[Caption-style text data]
================
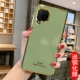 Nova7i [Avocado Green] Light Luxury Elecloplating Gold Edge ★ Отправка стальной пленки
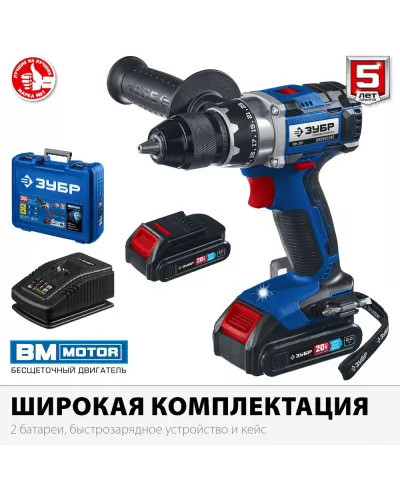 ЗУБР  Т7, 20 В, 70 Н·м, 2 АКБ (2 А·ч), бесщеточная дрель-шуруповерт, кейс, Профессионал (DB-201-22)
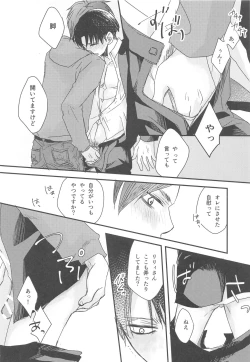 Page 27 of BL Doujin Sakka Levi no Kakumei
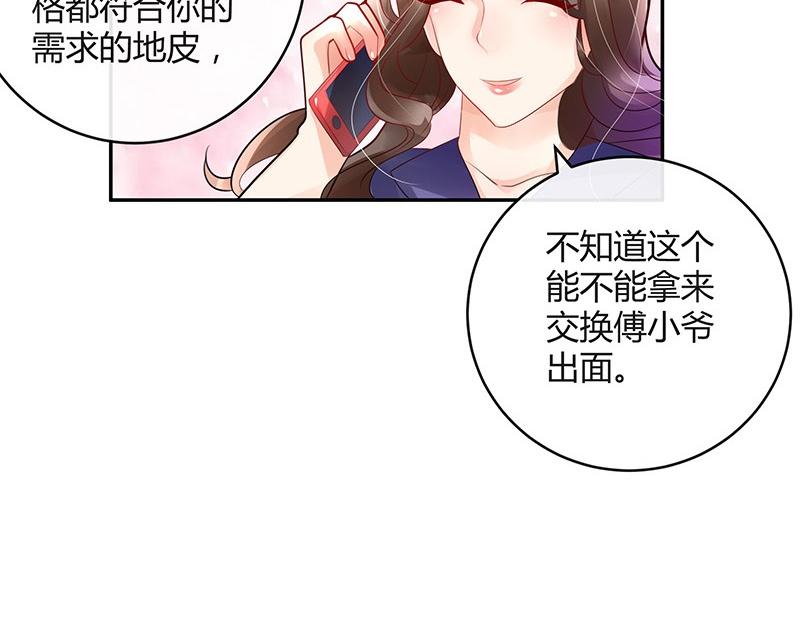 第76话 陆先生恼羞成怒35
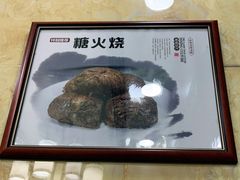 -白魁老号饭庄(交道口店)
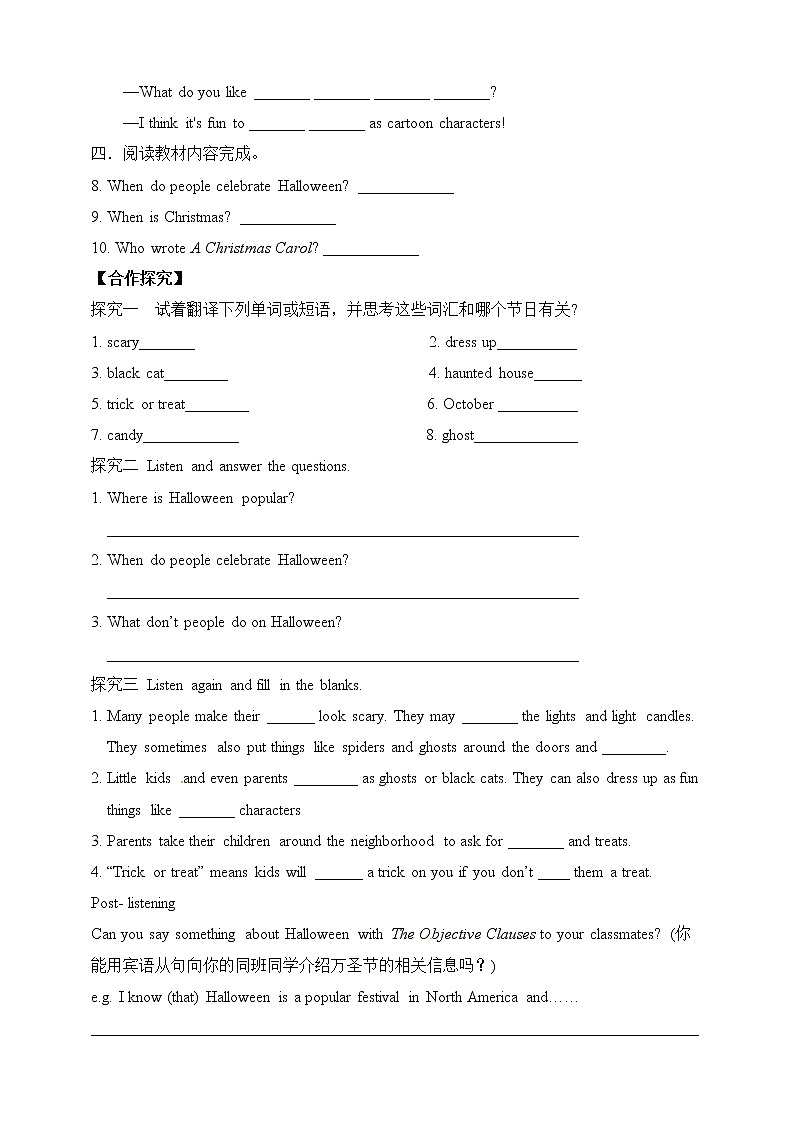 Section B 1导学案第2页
================
Drop the pictures and set down the data above exactly.

 Nova7i [Avocado Green] Light Luxury Elecloplating Gold Edge ★ Отправка стальной пленки
 ЗУБР  Т7, 20 В, 70 Н·м, 2 АКБ (2 А·ч), бесщеточная дрель-шуруповерт, кейс, Профессионал (DB-201-22)
 Page 27 of BL Doujin Sakka Levi no Kakumei
 第76话 陆先生恼羞成怒35
 -白魁老号饭庄(交道口店)
 Section B 1导学案第2页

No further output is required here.